Let us now look at the correlation of the features with the target variable. Let us also drop all columns with a correlation of less than 0.2 with the target variable - this will help us reduce the number of features in our model, and help the model generalize better by focusing on the most important features.

About Dropping Features

In many cases, it is important to reduce the number of features in the model. This is because having too many features can lead to overfitting, and the model may not generalize well to new data. In this case, we are dropping features with a correlation of less than 0.2 with the target variable, as they are less likely to be important in predicting the quality of wine.

Show the code

# Plot a correlation chart of the features against the 'quality' target variable.

# Calculate the correlation matrix
correlation_matrix = wine.corr()

# Identify features with correlation to 'quality' less than 0.2
# Use absolute value to consider both positive and negative correlations
features_to_keep = correlation_matrix.index[abs(correlation_matrix["quality"]) >= 0.2]

plt.figure(figsize=(8, 6))
sns.heatmap(
    correlation_matrix, annot=True, cmap="summer_r", fmt=".2f", linewidths=2
).set_title("Wine Chemistry/Quality Correlation Heatmap")
plt.show()

# Keep these features in the DataFrame, including the target variable 'quality'
wine = wine[features_to_keep]

From this correlation matrix it becomes apparent that alcohol, sulphates, volatile acidity and citric acid are the features with the highest correlation with the target variable.

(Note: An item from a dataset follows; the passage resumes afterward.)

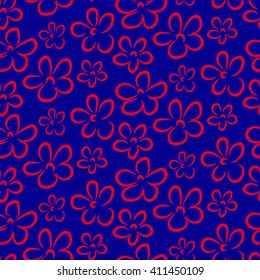 Red flowers on a blue background, seamless pattern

Now let us plot a matrix for the features to see how they are related to each other. This will help us understand the multicollinearity between the features, as effectively a chemical feature comparison. Notice how we now have a smaller number of features, as we dropped the ones with a correlation of less than 0.2 with the target variable.

Show the code

# Now let us chart a matrix of plots, with X vs Y between all features.
# This will effectively give us a chemical composition matrix, where the color of the plot will indicate the quality.

# Pair plot using seaborn
sns.set_theme(context="paper", style="ticks")  # Set the style of the visualization
plt.figure(figsize=(8, 6))
pairplot = sns.pairplot(wine, hue="quality", palette="Greens", corner=True)

pairplot.figure.suptitle("Wine chemical features by Quality", size=15)
plt.show()

wine

<Figure size 768x576 with 0 Axes>

	volatile acidity	citric acid	sulphates	alcohol	quality
0	0.700	0.00	0.56	9.4	5
1	0.880	0.00	0.68	9.8	5
2	0.760	0.04	0.65	9.8	5
3	0.280	0.56	0.58	9.8	6
4	0.700	0.00	0.56	9.4	5
...	...	...	...	...	...
1138	0.510	0.13	0.75	11.0	6
1139	0.620	0.08	0.82	9.5	6
1140	0.600	0.08	0.58	10.5	5
1141	0.550	0.10	0.76	11.2	6
1142	0.645	0.12	0.71	10.2	5

1143 rows × 5 columns

Now let us derive a second dataset, grouped by quality, where each featured is averaged. We will then use this to plot an aggregate positioning of the best correlated features.

Show the code

wine_grouped_by_quality = wine.groupby("quality").mean()
wine_grouped_by_quality.reset_index(inplace=True)

And now let us plot the positioning for the three best correlators.

Show the code

fig = plt.figure(figsize=(8, 6))
ax = fig.add_subplot(111, projection="3d")

# Normalize 'quality' values for color mapping
norm = plt.Normalize(
    wine_grouped_by_quality["quality"].min(), wine_grouped_by_quality["quality"].max()
)
colors = plt.get_cmap("Greens")(norm(wine_grouped_by_quality["quality"]))

# 3D scatter plot
sc = ax.scatter(
    wine_grouped_by_quality["alcohol"],
    wine_grouped_by_quality["sulphates"],
    wine_grouped_by_quality["citric acid"],
    c=colors,
    edgecolor="k",
    s=40,
    depthshade=True,
)

# Create a color bar with the correct mapping
cbar = fig.colorbar(plt.cm.ScalarMappable(norm=norm, cmap="Greens"), ax=ax, pad=0.1)
cbar.set_label("Quality", fontsize=12)
# Set font size for the color bar tick labels
cbar.ax.tick_params(labelsize=10)  # Adjust labelsize as needed

# Labels and title
ax.set_xlabel("Alcohol", fontsize=10)
ax.set_ylabel("Sulphates", fontsize=10)
ax.set_zlabel("Citric Acid", fontsize=10)
ax.set_title("Highest Positive Correlator Positions")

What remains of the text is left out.